▸ **Activity**:
Reproduce each line from the first in the data through the line that contains "Stomach Sculpting" exactly; give nothing else.

▸ **Caption-style text data**:
=== Begin Enclosure ===
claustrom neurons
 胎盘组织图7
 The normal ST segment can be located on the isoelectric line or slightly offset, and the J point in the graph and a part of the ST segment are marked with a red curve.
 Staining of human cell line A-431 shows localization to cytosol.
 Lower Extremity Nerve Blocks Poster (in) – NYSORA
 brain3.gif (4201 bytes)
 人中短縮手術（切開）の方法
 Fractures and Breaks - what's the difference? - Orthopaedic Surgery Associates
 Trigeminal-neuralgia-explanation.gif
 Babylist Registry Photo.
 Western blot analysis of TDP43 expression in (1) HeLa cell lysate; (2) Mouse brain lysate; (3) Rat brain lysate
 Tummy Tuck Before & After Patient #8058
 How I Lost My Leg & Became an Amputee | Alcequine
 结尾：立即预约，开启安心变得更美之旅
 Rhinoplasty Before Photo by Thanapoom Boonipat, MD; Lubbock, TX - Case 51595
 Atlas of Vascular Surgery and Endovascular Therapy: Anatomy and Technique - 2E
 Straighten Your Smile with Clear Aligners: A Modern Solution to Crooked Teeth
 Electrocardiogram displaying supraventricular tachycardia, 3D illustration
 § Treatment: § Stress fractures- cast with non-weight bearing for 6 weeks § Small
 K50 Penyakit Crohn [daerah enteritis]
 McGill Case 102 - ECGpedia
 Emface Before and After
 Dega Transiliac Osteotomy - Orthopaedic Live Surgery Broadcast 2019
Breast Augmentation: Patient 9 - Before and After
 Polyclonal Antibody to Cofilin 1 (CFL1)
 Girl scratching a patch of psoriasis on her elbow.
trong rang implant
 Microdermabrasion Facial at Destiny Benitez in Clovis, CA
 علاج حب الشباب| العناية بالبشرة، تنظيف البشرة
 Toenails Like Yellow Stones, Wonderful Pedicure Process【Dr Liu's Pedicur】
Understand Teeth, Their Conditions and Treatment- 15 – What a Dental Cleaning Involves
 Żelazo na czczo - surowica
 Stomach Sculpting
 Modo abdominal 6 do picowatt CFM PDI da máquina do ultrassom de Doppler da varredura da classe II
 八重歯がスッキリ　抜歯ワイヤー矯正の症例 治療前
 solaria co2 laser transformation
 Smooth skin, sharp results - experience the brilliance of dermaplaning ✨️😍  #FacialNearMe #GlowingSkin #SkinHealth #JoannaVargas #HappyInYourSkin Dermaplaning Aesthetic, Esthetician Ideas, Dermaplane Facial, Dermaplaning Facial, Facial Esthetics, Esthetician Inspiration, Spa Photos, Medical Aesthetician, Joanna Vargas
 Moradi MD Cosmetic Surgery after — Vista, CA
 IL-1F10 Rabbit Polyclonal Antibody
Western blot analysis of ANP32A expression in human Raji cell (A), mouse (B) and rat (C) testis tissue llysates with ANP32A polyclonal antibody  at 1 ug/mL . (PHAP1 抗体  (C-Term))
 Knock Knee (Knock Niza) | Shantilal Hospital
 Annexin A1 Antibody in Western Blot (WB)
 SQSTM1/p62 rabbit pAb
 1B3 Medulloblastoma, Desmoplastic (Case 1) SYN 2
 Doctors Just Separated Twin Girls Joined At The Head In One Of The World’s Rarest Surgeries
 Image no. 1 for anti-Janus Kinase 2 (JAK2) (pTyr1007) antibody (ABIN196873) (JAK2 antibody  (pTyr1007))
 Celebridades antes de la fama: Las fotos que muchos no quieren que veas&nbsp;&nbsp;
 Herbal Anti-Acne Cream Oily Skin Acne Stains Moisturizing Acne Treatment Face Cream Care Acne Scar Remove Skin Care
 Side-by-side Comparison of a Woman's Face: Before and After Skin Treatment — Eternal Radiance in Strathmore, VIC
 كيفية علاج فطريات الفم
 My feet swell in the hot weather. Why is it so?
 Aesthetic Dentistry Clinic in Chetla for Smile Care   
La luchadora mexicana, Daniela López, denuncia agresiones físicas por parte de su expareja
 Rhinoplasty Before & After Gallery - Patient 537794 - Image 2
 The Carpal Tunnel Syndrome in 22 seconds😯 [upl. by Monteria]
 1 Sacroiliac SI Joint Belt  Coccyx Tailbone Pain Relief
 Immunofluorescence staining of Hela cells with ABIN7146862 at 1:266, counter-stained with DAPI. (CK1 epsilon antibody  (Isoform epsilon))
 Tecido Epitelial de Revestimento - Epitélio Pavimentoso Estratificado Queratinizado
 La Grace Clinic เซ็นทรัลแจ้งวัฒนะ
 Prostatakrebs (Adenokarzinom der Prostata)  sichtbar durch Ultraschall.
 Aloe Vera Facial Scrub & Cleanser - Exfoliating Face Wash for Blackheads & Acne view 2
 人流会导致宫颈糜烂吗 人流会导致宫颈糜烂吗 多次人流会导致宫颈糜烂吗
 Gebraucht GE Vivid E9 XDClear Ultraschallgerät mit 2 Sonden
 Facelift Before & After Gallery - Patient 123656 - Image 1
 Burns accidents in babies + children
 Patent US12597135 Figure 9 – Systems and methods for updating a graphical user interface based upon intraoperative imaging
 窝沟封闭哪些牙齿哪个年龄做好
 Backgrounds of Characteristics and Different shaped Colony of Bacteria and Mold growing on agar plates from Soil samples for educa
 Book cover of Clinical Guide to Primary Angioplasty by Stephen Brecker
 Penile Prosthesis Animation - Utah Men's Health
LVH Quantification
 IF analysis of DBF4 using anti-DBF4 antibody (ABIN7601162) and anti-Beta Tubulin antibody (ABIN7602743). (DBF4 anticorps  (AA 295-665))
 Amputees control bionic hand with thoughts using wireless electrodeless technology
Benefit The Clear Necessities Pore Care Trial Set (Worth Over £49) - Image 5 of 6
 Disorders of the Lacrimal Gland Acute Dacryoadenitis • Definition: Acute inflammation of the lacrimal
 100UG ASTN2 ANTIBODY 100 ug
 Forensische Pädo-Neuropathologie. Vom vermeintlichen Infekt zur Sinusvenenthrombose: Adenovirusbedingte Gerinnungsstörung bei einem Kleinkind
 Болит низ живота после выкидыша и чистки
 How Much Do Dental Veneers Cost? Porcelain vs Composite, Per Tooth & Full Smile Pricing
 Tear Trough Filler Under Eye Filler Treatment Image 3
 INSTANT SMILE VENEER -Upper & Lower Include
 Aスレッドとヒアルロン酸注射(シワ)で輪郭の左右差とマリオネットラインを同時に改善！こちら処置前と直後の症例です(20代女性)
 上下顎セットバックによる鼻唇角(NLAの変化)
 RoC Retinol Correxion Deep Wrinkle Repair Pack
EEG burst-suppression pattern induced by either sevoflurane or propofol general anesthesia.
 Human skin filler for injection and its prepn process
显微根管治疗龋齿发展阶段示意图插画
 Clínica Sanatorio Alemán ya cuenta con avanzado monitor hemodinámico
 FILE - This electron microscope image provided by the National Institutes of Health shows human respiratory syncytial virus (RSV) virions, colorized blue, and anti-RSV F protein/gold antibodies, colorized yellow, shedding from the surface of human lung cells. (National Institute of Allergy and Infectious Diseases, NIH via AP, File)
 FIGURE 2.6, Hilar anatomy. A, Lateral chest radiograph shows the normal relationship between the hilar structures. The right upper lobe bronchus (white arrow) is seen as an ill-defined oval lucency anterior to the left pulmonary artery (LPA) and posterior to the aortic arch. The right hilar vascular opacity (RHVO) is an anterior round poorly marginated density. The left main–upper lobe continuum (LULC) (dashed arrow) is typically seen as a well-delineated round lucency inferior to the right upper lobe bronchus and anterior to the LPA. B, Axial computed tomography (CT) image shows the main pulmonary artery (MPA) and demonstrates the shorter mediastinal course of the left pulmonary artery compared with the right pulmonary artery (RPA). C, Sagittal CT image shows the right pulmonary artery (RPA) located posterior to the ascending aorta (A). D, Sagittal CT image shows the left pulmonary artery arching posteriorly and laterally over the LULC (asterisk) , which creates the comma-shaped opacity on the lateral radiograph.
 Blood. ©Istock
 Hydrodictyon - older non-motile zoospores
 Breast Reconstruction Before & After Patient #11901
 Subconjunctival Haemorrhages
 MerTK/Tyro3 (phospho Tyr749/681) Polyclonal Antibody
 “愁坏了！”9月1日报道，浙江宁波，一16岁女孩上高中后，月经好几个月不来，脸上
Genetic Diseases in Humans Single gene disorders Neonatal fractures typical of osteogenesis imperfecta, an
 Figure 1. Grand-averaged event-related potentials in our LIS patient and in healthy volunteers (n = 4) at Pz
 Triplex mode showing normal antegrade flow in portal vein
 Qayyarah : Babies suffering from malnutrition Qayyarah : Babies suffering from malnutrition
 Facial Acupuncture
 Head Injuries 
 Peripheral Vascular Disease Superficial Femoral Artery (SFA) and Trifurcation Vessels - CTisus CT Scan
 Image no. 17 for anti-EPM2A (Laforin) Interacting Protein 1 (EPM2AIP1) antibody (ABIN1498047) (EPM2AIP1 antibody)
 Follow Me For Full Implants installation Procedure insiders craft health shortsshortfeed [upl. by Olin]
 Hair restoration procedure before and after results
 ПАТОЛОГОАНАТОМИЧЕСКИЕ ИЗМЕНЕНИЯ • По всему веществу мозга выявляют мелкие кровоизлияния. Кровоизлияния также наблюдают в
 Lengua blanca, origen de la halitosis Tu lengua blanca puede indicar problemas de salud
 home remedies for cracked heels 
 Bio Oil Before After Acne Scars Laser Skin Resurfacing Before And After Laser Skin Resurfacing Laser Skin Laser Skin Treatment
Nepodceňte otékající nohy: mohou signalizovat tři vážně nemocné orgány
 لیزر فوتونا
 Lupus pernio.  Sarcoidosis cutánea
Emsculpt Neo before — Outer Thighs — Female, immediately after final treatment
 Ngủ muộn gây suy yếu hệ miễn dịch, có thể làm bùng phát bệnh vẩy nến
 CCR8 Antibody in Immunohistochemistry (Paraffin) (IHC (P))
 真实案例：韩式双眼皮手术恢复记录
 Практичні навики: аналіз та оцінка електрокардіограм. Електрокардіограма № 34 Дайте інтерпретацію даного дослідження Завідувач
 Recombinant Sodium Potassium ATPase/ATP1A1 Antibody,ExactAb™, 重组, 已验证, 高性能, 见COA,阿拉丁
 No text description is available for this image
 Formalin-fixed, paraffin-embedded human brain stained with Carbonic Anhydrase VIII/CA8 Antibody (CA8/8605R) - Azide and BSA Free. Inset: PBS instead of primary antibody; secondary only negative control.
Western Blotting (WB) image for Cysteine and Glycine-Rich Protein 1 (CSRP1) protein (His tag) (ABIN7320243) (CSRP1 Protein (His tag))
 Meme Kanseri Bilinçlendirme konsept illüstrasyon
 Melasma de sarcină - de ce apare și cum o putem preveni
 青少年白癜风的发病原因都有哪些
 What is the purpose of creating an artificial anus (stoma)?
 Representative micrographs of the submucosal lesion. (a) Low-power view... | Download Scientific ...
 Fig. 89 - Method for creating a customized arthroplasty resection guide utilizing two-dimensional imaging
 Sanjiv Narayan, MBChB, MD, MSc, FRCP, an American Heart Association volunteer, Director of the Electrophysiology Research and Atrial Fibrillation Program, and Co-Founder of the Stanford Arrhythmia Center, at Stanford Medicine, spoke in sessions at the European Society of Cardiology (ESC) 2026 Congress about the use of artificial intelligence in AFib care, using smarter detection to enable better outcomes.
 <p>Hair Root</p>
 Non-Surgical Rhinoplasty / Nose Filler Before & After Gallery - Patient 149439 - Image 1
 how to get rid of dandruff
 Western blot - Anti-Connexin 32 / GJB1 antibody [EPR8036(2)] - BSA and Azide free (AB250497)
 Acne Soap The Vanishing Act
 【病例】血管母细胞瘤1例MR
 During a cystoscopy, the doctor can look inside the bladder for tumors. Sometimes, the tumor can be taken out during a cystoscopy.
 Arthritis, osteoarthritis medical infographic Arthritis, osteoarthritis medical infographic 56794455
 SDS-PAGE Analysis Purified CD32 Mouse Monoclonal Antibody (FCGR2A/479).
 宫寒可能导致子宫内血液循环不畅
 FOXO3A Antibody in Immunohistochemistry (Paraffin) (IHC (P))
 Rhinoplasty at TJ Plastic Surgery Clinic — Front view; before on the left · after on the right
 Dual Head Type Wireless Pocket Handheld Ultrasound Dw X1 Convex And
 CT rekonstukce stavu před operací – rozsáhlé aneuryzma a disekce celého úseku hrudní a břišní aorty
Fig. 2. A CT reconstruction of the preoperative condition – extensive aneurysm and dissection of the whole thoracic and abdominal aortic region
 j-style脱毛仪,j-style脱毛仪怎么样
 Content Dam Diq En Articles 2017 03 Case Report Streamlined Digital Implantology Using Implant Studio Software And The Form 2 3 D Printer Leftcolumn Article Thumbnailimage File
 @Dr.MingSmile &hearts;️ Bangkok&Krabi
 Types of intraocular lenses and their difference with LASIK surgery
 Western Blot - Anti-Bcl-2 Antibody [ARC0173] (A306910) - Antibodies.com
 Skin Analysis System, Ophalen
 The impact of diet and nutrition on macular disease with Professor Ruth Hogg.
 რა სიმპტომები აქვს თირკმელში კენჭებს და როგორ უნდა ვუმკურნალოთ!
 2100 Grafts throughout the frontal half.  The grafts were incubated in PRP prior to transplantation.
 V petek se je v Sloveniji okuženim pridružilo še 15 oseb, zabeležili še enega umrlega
=== End Enclosure ===
▸ **Solution to the exercise**:
claustrom neurons
 胎盘组织图7
 The normal ST segment can be located on the isoelectric line or slightly offset, and the J point in the graph and a part of the ST segment are marked with a red curve.
 Staining of human cell line A-431 shows localization to cytosol.
 Lower Extremity Nerve Blocks Poster (in) – NYSORA
 brain3.gif (4201 bytes)
 人中短縮手術（切開）の方法
 Fractures and Breaks - what's the difference? - Orthopaedic Surgery Associates
 Trigeminal-neuralgia-explanation.gif
 Babylist Registry Photo.
 Western blot analysis of TDP43 expression in (1) HeLa cell lysate; (2) Mouse brain lysate; (3) Rat brain lysate
 Tummy Tuck Before & After Patient #8058
 How I Lost My Leg & Became an Amputee | Alcequine
 结尾：立即预约，开启安心变得更美之旅
 Rhinoplasty Before Photo by Thanapoom Boonipat, MD; Lubbock, TX - Case 51595
 Atlas of Vascular Surgery and Endovascular Therapy: Anatomy and Technique - 2E
 Straighten Your Smile with Clear Aligners: A Modern Solution to Crooked Teeth
 Electrocardiogram displaying supraventricular tachycardia, 3D illustration
 § Treatment: § Stress fractures- cast with non-weight bearing for 6 weeks § Small
 K50 Penyakit Crohn [daerah enteritis]
 McGill Case 102 - ECGpedia
 Emface Before and After
 Dega Transiliac Osteotomy - Orthopaedic Live Surgery Broadcast 2019
Breast Augmentation: Patient 9 - Before and After
 Polyclonal Antibody to Cofilin 1 (CFL1)
 Girl scratching a patch of psoriasis on her elbow.
trong rang implant
 Microdermabrasion Facial at Destiny Benitez in Clovis, CA
 علاج حب الشباب| العناية بالبشرة، تنظيف البشرة
 Toenails Like Yellow Stones, Wonderful Pedicure Process【Dr Liu's Pedicur】
Understand Teeth, Their Conditions and Treatment- 15 – What a Dental Cleaning Involves
 Żelazo na czczo - surowica
 Stomach Sculpting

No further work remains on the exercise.